John Okulick (born 1947) is esteemed for his abstract sculpture and spatial experimentation. His works address concepts of man and machine, pictorial flatness and depth, and representational motion within abstraction. Alternately hailed as an “extension of Cubism,” as a postmodern illusionist, and even as a sci-fi-age maverick, Okulick creates fascinatingly complex shape-pieces that are as visually dynamic as they are beautiful to look at.
Born in 1947 in New York City to first-generation Russian and Italian parents, John Okulick moved all over the country as a child while his father was in the military. His family eventually settled in southern California, where Okulick went on to receive a B.A. from UC Santa Barbara and an M.F.A. from UC Irvine. Okulick’s overlapping interests in art and carpentry gradually bloomed into career aspirations, and he started making sculptures out of a small studio in Costa Mesa, California. He proved to be a prodigious talent. Before he finished his graduate work at UC, he had already had his art exhibited at two solo shows—one at the Nancy Hoffman Gallery in New York and one at the Jack Glenn Gallery in Corona del Mar, California.

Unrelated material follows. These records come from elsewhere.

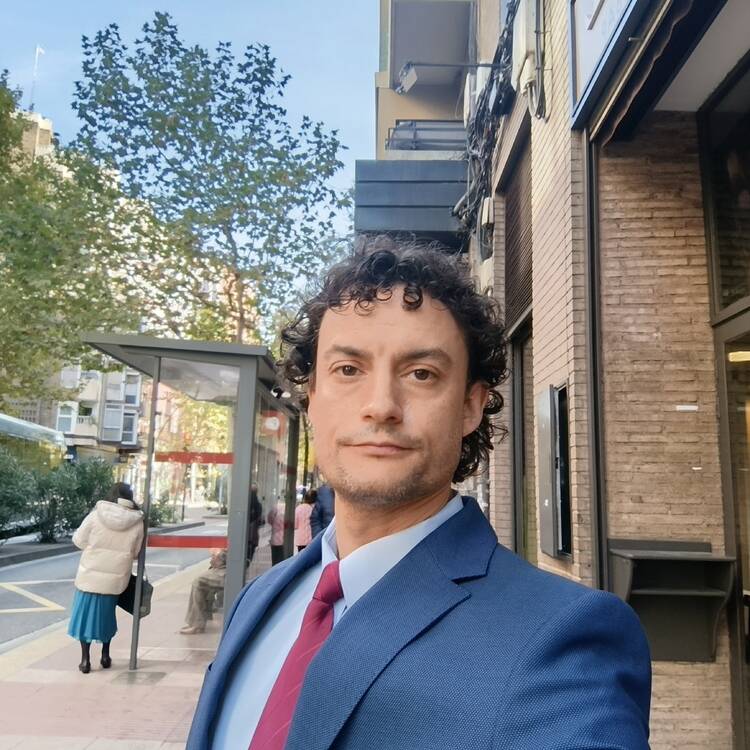 Foto de perfil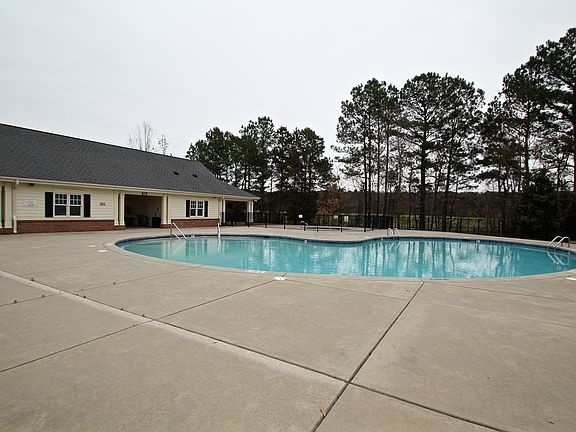 Community Swimming Pool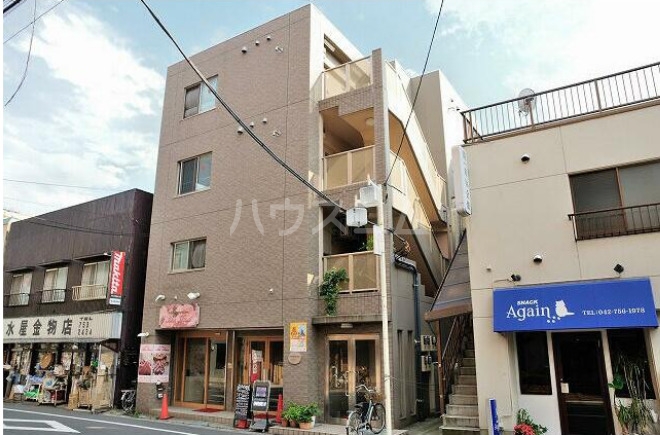 1/17 外観
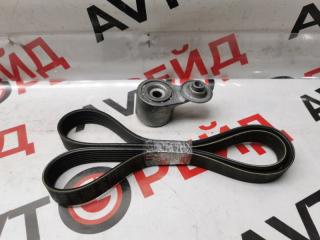 Натяжитель обводного ремня AUDI A8 18.06.2012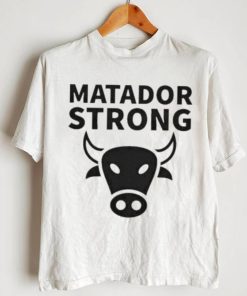 Original Matador Strong Shirt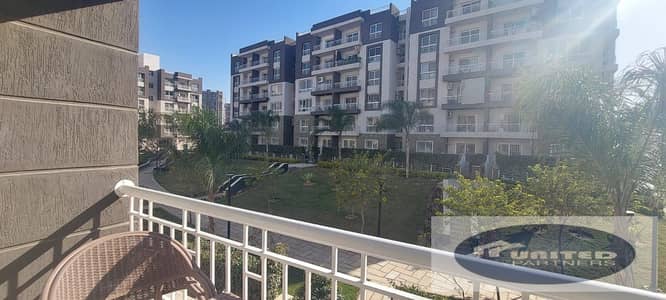 فلیٹ 2 غرفة نوم للبيع في مدينتي، القاهرة - WhatsApp Image 2026-01-25 at 6.40. 19 AM (2). jpeg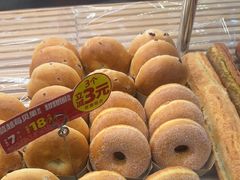 -味多美蛋糕(朝阳门华普店)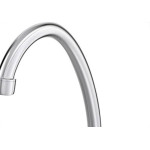 Corona Torneira Pia Pvc Hydraplus Banheiro Cro1167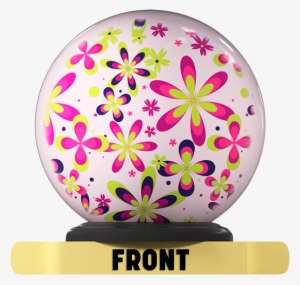 Colorful Flowers #2815250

Following his initial success, Okulick moved to Los Angeles in the mid-1970s. He settled in Santa Monica with his wife and two children. Later, he purchased and began working out of a larger studio in Venice.
Initially, Okulick worked with painted wood and readymade materials, both of which he still uses today in concert with other media including metal. In the 1970s his sculpture typically looked like abstract wooden boxes or x-shapes, sometimes painted in colorful checkerboard patterns. By the early 1980s, he had begun to make wall-pieces, complex three-dimensional tapestries of shapes that are somewhere between sculptures, paintings, and puzzles. To create them, Okulick started with drawings, and then carefully designed interlocking configurations of forms that would look like his sketch when viewed head-on. In these wall-pieces, which went on to include Water’s Edge (1986), the shapes seem to jut forward farther than they physically do, and to recede into the space of the wall—a physical impossibility, but convincingly masked by Okulick’s optical illusions.
Since Okulick’s first shows, critics have noted his works’ unique angular energy and spatial contortionism, achieved through a combination of geometric and mechanical forms, as well as through his use of ungraded colors that do not conform to traditional chiaroscuro-based spatial illusion. A review of his show at the Nancy Hoffman Gallery in 1986 praised his style as a “contemporary extension of Cubism” that “questions received wisdom pertaining to the representation of objects in space.” But although Okulick’s semi-abstract style has earned comparisons to the purism of Ferdinand Léger and Amédée Ozenfant, his art has never been only abstract or academic. Okulick’s formal play is as much human as it is mechanical. The wall-pieces have a representational quality, belied by their abstract appearance but still visible. For instance, he uses “strands of raffia” that “seem as clean and beautiful as freshly washed hair,” as well as overall compositions that resemble eyes or even whole human figures. Sometimes the overlap of man and machine is present through absence: in Water’s Edge, empty stairs invite the spectator to walk into the distorted space of the work, implicitly pulling a human presence into the geometry.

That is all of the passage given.